Он отвечал на одном дыхании, проглатывая в спешке слова; он торопился закончить, пока волнение не прервет его:
— Да, ты права! Я хочу побыстрее уехать, потому что у меня там работа, и каждый день, проведенный здесь, напоминает мне об этом, а еще потому, что мне больно видеть, как вы с Яктом становитесь все ближе, а я все больше отдаляюсь от тебя, хотя я и знаю, что так и должно быть, поэтому я решил уехать, я подумал, что уехать надо как можно раньше, и я оказался прав; ты знаешь это. Никогда бы не подумал, что будешь меня ненавидеть за это.

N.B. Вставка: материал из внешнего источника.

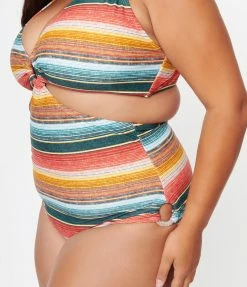 Swimwear Unique Vintage Plus Size Serape Stripe Fresh Cut One Piece Swimsuit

Его голос прервался, и он заплакал; заплакала и она.
— Я не ненавижу тебя, я люблю тебя, ты — часть меня, ты — мое сердце, и, когда ты уедешь, ты вырвешь мое сердце и унесешь с собой…
На этом разговор закончился.
Первый помощник Рэва отвез Эндера на космодром, огромную платформу посреди моря, с которой взлетали челночные ракеты к звездолетам на орбите. По их молчаливому согласию Вэлентайн не поехала с ним. Она пошла домой с мужем и всю ночь прижималась к нему. На следующий день она отправилась в поход со студентами и плакала об Эндере только по ночам, когда она думала, что никто ее не видит.